Quant aux salariés les plus exploités, qui gagnent le Smic et moins que le Smic, comme les nettoyeurs de la ligne C du RER, en grève depuis plusieurs semaines, le gouvernement n’en parle pas : il se contente de leur envoyer les flics pour protéger les briseurs de grève envoyés par le patron.
Le gouvernement et la direction d’Air France préfèrent perdre 100 millions par jour de grève que de céder aux pilotes ! Car l’enjeu dépasse les pilotes. Les 500 millions d’économies sur leurs salaires ne sont qu’une partie d’un plan de restrictions d’une toute autre échelle : 40 milliards sur les cinq prochaines années, au détriment des 40 000 salariés d’Air France. Et ce qui est vrai à l’encontre des salariés d’Air France, l’est également pour les cheminots, le personnel des hôpitaux, les enseignants, les postiers... sans parler de ceux des entreprises privées !

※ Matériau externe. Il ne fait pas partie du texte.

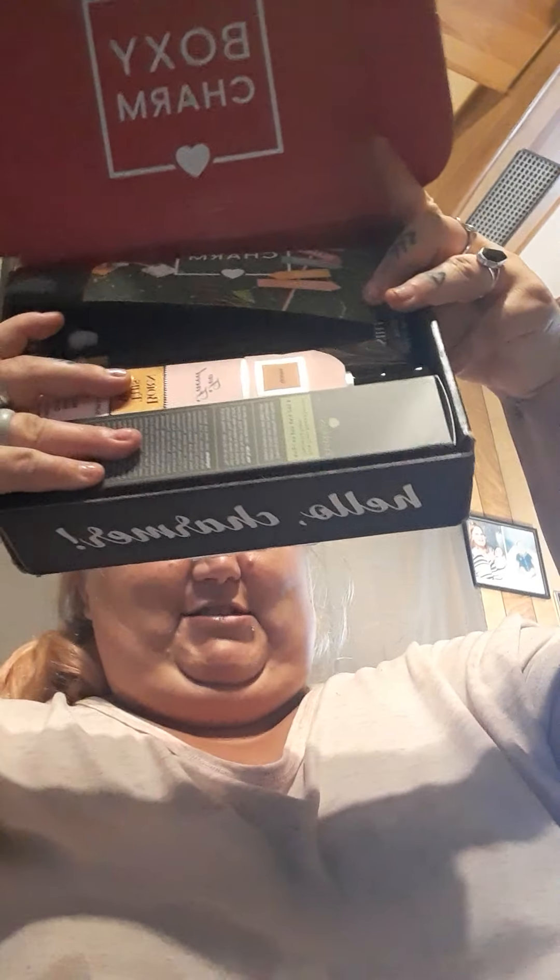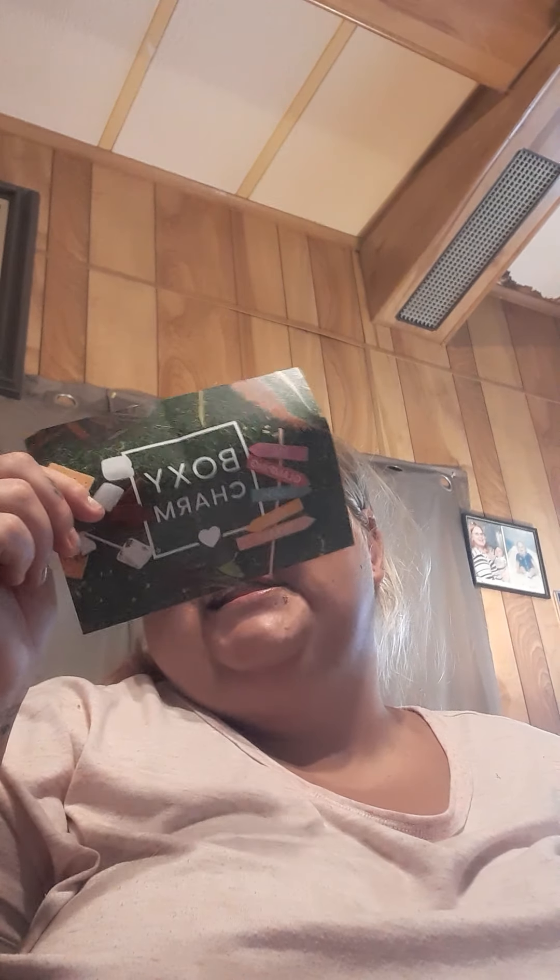It says 'hello charmer' and it is so packed full — look at this stuff, guys! I'm so excited, I already see something. Our Boxycharm theme is spa, glamping, sunbathing, yoga, slumber, and I got variation six. I am so excited!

C’est bien pourquoi la grève des pilotes n’est pas si impopulaire qu’on a bien voulu dire. Le sondage CSA publié par le Journal du Dimanche montrait que leur grève ne recueille peut-être pas autant de sympathie que le mouvement des chômeurs ou des enseignants, mais qu’elle recueille tout de même le soutien d’une majorité relative de la population : 38 % des sondés sont pour, contre 34 % contre. Mais le plus notable, dans ce sondage, c’est que les plus forts soutiens des pilotes se recrutent chez les bas revenus, ceux qui gagnent moins de 7500 francs par mois, et que ce sont les cadres et les chefs d’entreprises les plus hostiles !
Comme quoi les travailleurs, même quand ils gagnent dix fois moins qu’un commandant de bord, ont plus de jugeote que ceux qui voudraient les dresser contre les pilotes en grève et chercheront demain à les dresser contre les cheminots, les routiers ou les internes des hôpitaux. Si la direction d’Air France et le gouvernement n’ont jusqu’ici pas voulu céder aux pilotes et cherchent même le bras de fer, c’est parce qu’ils craignent que le mouvement se propage aux autres salariés d’Air France. Et pas seulement d’Air France.

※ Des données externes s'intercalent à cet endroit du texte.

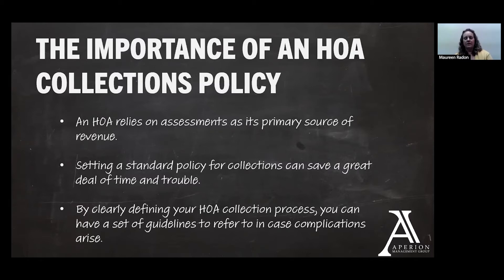If you're an Appirian client, which I think everybody on the line is today, you will have a collections policy and process already in place. If you don't know what that looks like — if you're new to the board, or perhaps it's been a while since you've seen it — it should be uploaded to the owner portal, or you can feel free to reach out to your manager to share that information with you, in case you're curious about what your specific policy looks like for your association.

Car il n’y a pas que les pilotes qui font grève ou ont envie de faire grève, à l’occasion de la grande foire du fric que représente le Mondial. Il y a eu les contrôleurs de la SNCF ces derniers jours, et différents mouvements ici et là sur les problèmes d’effectifs. Il va y avoir les conducteurs de trains, les internes des hôpitaux. A l’aéroport de Roissy, il y a eu des mouvements chez les hôtesses, les bagagistes...

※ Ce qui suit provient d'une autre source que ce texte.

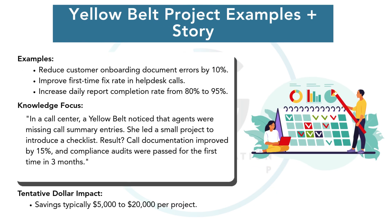For example, a Yellow Belt project could reduce errors in customer onboarding forms by 10 percent, or ensure that a daily report gets completed on time. One Yellow Belt in a call center introduced a simple checklist that increased compliance by 15 percent. Impact may seem small, but multiply it across a year and across teams, and the results are meaningful.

Le gouvernement voudrait faire plier les pilotes et en faire un test dissuasif à l’encontre de tous les salariés. Raison de plus pour ne pas se laisser intoxiquer par le chantage gouvernemental et ne pas laisser isoler les pilotes. Leur mouvement a de quoi donner des idées au reste des travailleurs, qui, pendant le mondial, pourraient avoir envie d’ajouter du sport au sport. Trente ans après Mai 68, cela ne pourrait que ragaillardir l’atmosphère.